Your goal ->
Every line from the start of the records through the line with "Olive Green Tissue" is to be written out exactly; pictures are not.

Data ->
● ● ● ● ● ● ●

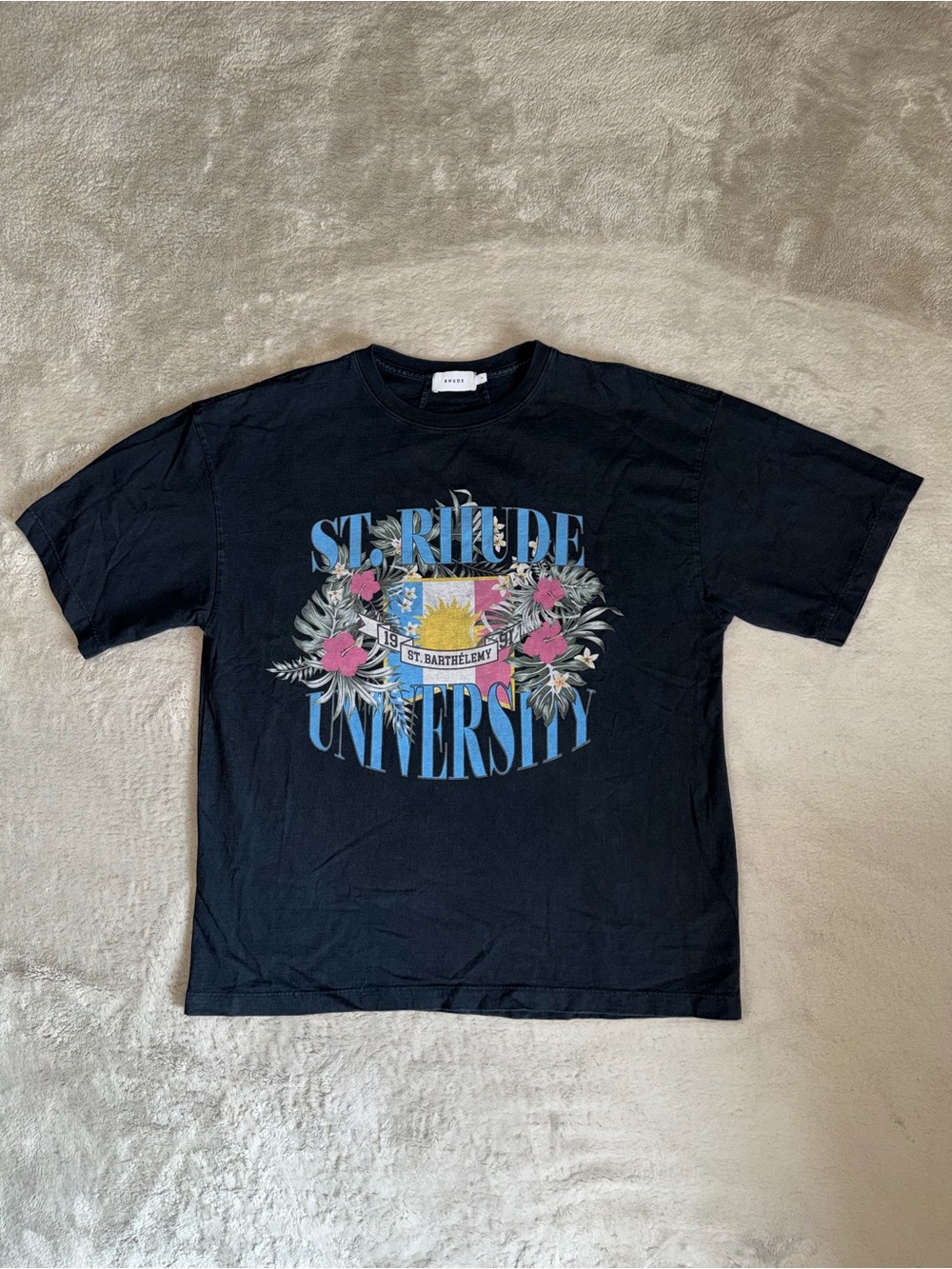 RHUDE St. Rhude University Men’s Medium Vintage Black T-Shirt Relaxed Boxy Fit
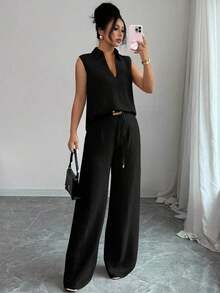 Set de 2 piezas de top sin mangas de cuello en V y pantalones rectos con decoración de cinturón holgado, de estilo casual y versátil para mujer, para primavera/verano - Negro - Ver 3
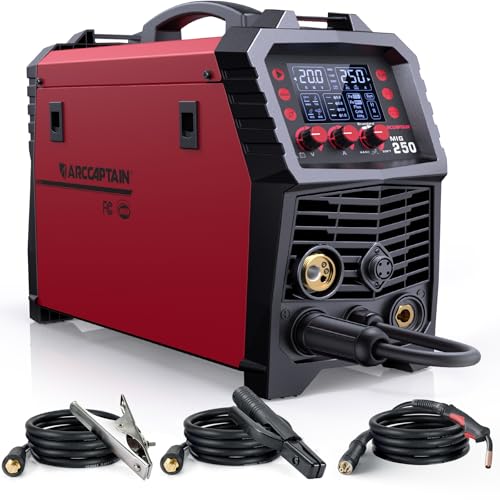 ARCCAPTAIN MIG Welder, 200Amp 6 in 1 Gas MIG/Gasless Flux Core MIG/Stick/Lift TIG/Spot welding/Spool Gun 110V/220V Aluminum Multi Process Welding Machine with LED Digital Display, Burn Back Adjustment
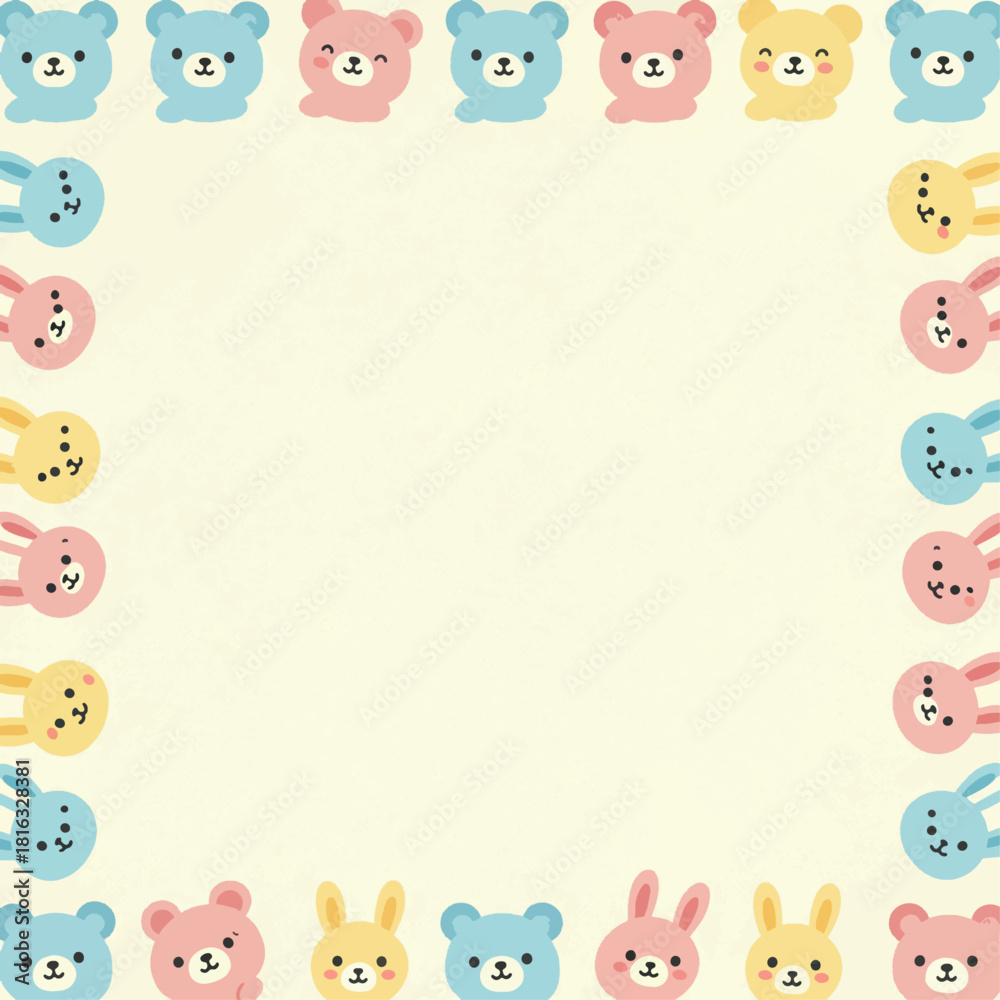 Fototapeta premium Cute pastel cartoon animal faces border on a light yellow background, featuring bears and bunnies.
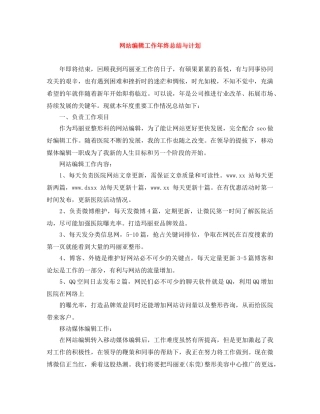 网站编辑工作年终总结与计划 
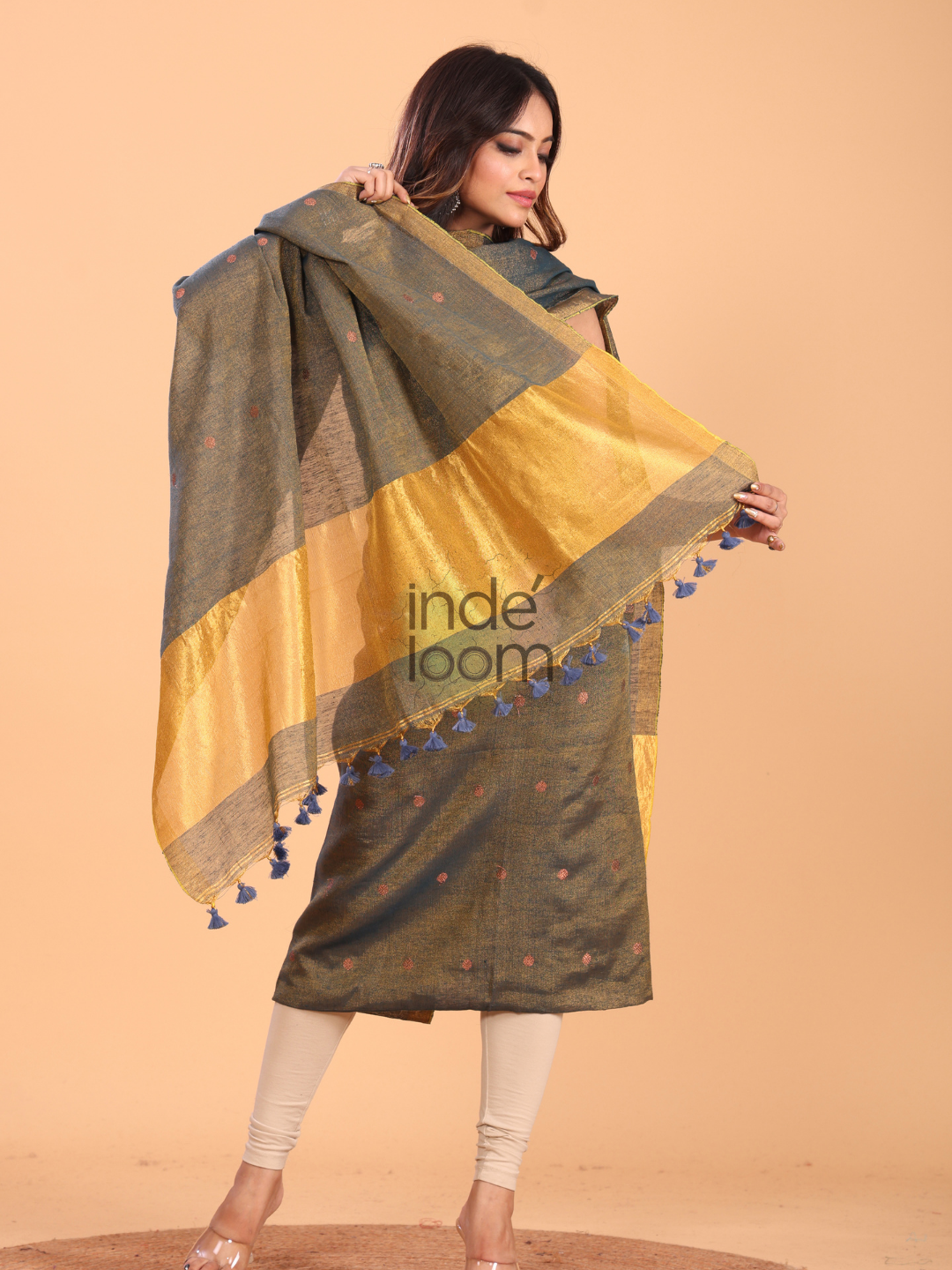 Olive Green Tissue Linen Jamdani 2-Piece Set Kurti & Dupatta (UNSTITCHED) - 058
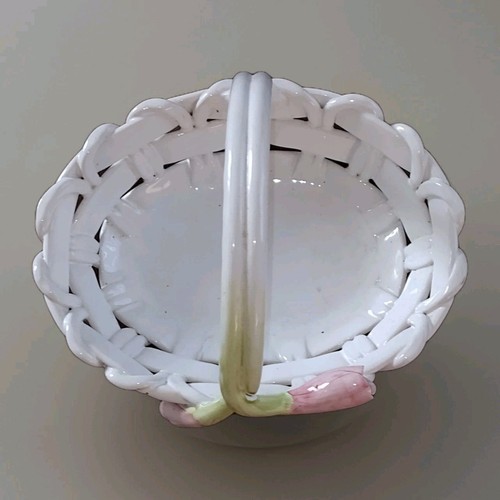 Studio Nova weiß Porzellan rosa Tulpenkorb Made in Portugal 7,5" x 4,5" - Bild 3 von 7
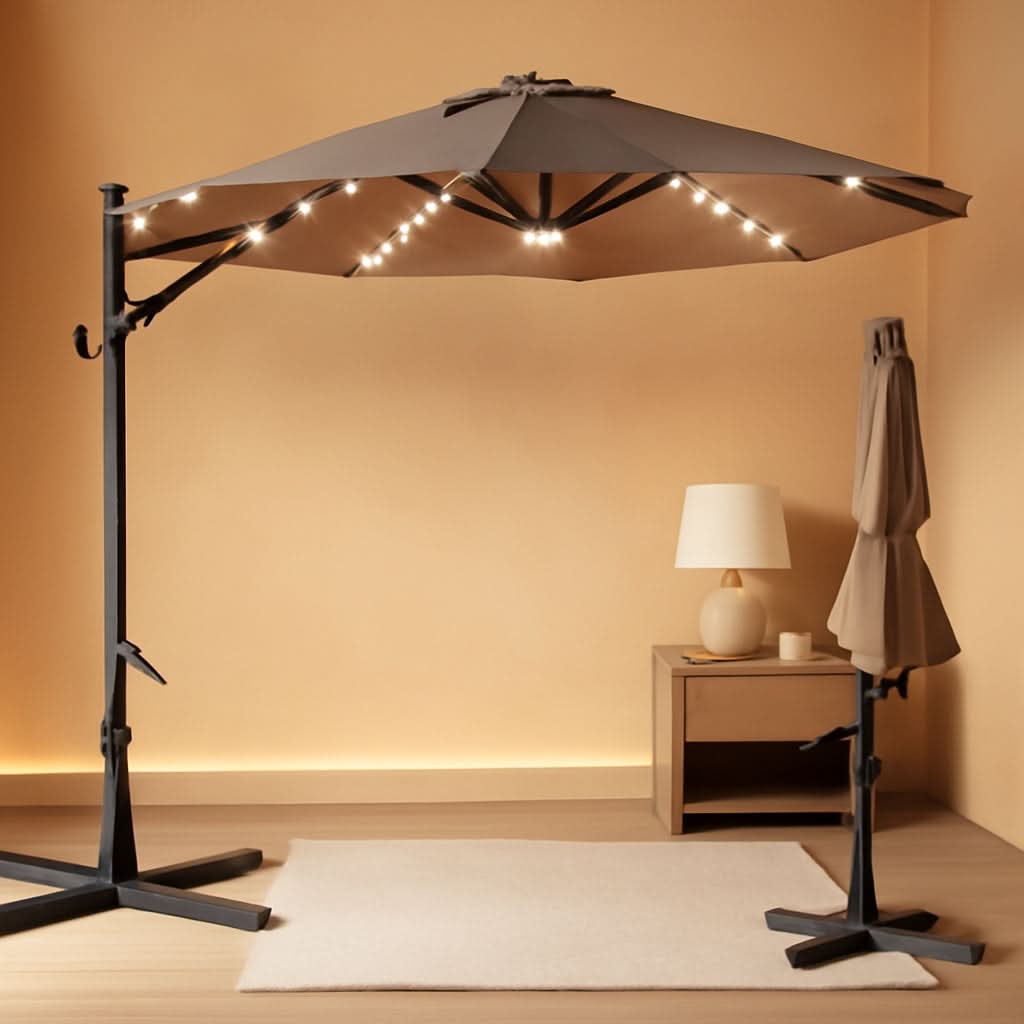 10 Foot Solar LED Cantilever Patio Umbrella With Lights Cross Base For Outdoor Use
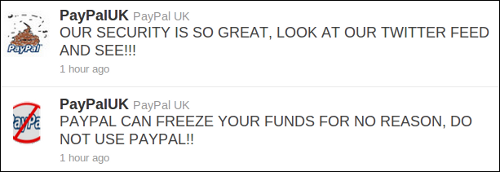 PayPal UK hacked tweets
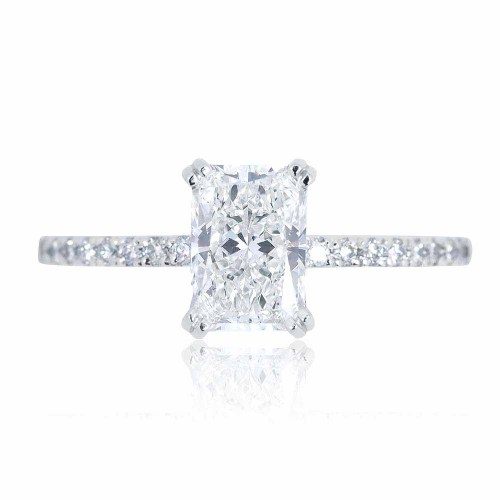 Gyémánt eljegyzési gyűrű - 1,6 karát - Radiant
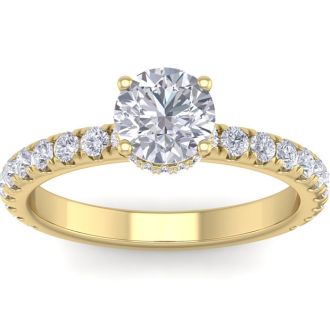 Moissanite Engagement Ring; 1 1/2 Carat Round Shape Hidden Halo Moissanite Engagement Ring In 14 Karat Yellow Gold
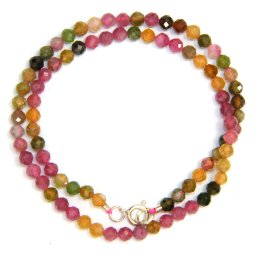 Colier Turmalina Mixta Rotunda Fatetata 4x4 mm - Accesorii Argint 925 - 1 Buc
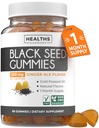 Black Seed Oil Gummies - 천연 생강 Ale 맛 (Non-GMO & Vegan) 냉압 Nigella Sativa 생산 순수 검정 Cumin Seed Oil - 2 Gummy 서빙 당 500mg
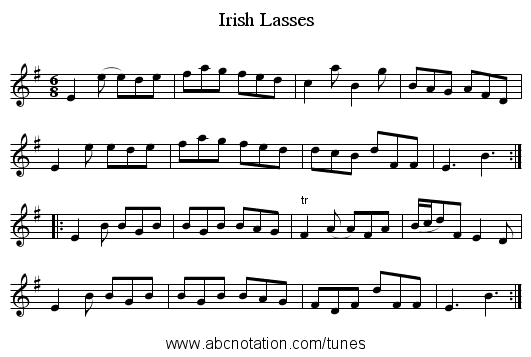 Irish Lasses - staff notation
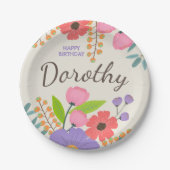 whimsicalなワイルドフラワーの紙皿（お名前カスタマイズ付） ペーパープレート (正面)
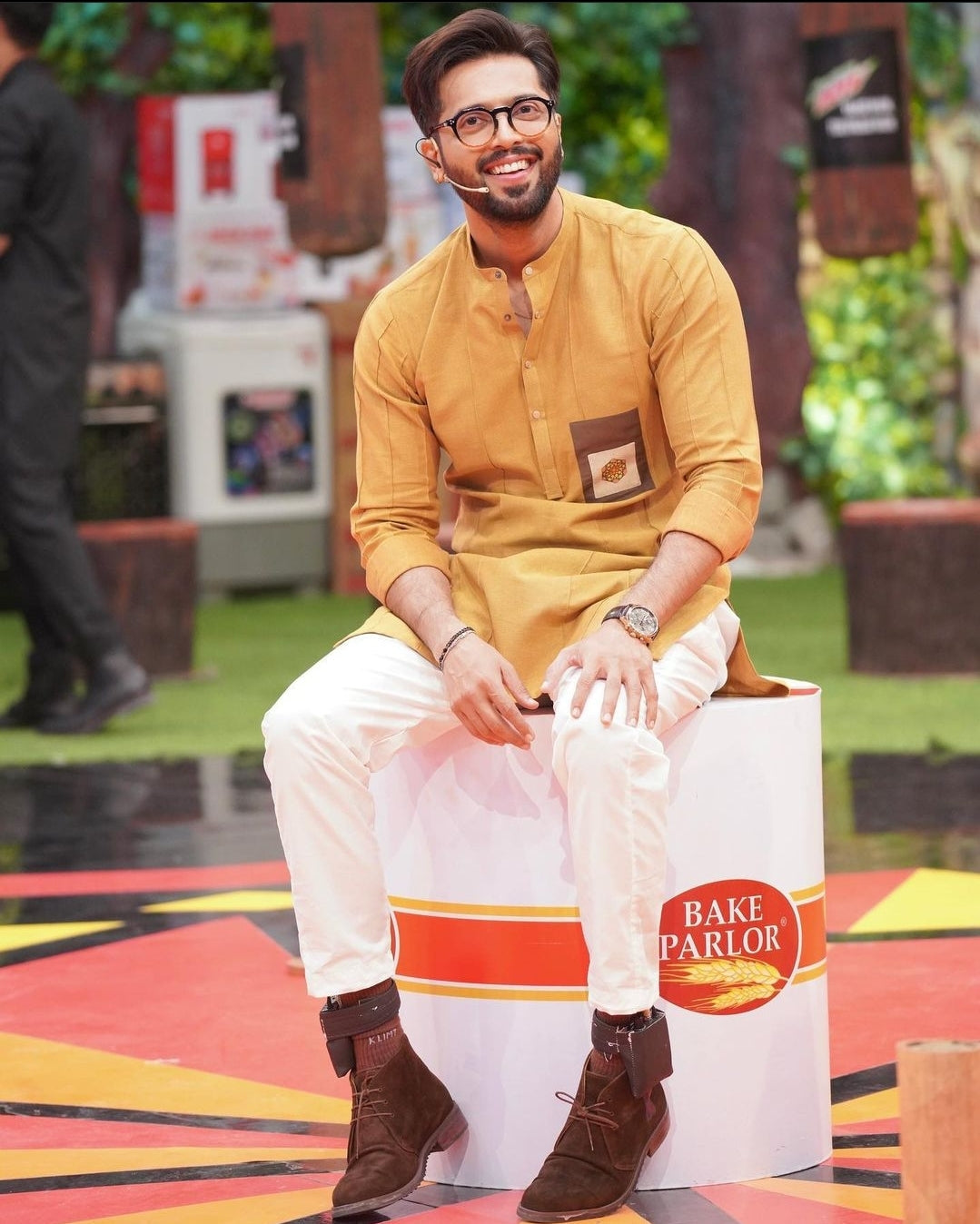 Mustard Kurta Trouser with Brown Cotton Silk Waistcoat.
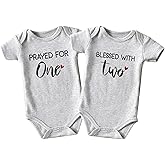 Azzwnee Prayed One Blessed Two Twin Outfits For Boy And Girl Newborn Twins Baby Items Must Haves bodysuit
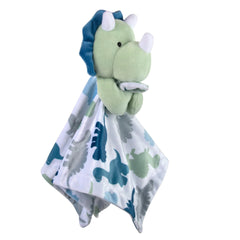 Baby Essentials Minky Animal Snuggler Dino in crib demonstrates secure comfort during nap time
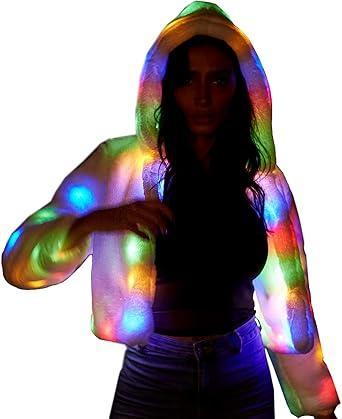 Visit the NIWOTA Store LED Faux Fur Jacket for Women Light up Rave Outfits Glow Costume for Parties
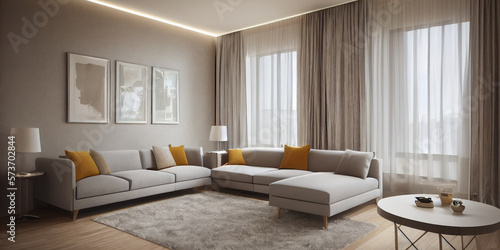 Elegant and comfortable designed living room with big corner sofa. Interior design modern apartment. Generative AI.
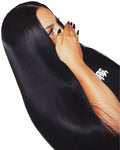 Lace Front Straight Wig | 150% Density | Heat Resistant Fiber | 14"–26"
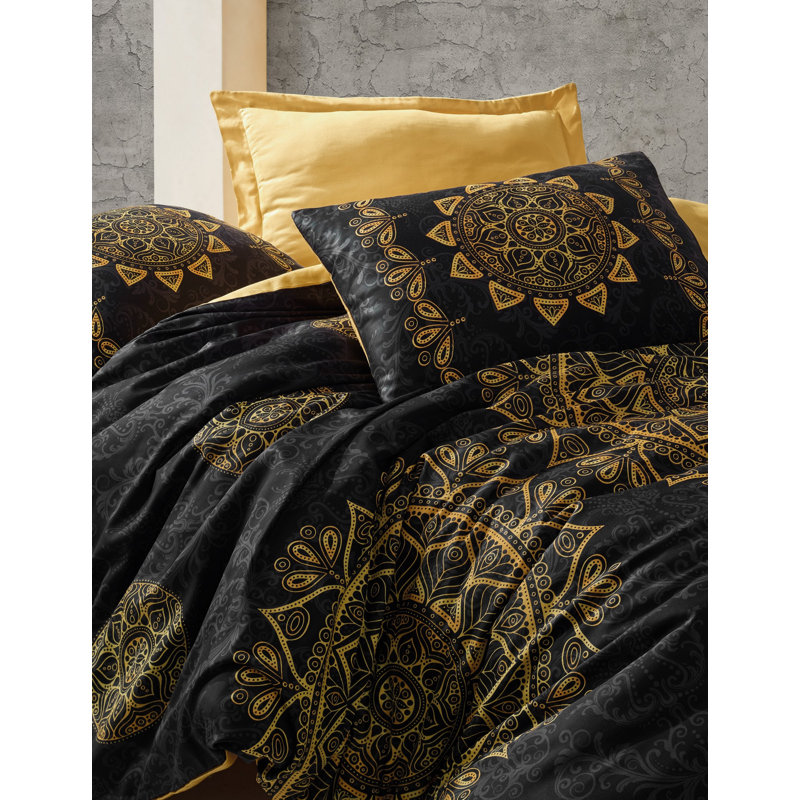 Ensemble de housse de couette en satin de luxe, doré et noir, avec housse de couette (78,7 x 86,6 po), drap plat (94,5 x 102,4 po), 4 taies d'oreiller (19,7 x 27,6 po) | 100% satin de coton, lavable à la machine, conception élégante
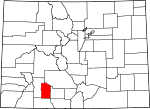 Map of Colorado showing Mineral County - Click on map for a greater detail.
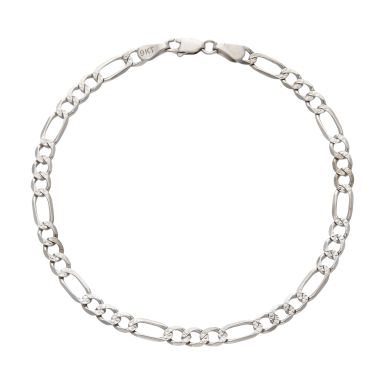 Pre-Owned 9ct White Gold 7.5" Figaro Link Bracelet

● ● ● ● ● ● ●

Answer section ->
 RHUDE St. Rhude University Men’s Medium Vintage Black T-Shirt Relaxed Boxy Fit
 Set de 2 piezas de top sin mangas de cuello en V y pantalones rectos con decoración de cinturón holgado, de estilo casual y versátil para mujer, para primavera/verano - Negro - Ver 3
 ARCCAPTAIN MIG Welder, 200Amp 6 in 1 Gas MIG/Gasless Flux Core MIG/Stick/Lift TIG/Spot welding/Spool Gun 110V/220V Aluminum Multi Process Welding Machine with LED Digital Display, Burn Back Adjustment
 Fototapeta premium Cute pastel cartoon animal faces border on a light yellow background, featuring bears and bunnies.
 网站编辑工作年终总结与计划 
 Olive Green Tissue Linen Jamdani 2-Piece Set Kurti & Dupatta (UNSTITCHED) - 058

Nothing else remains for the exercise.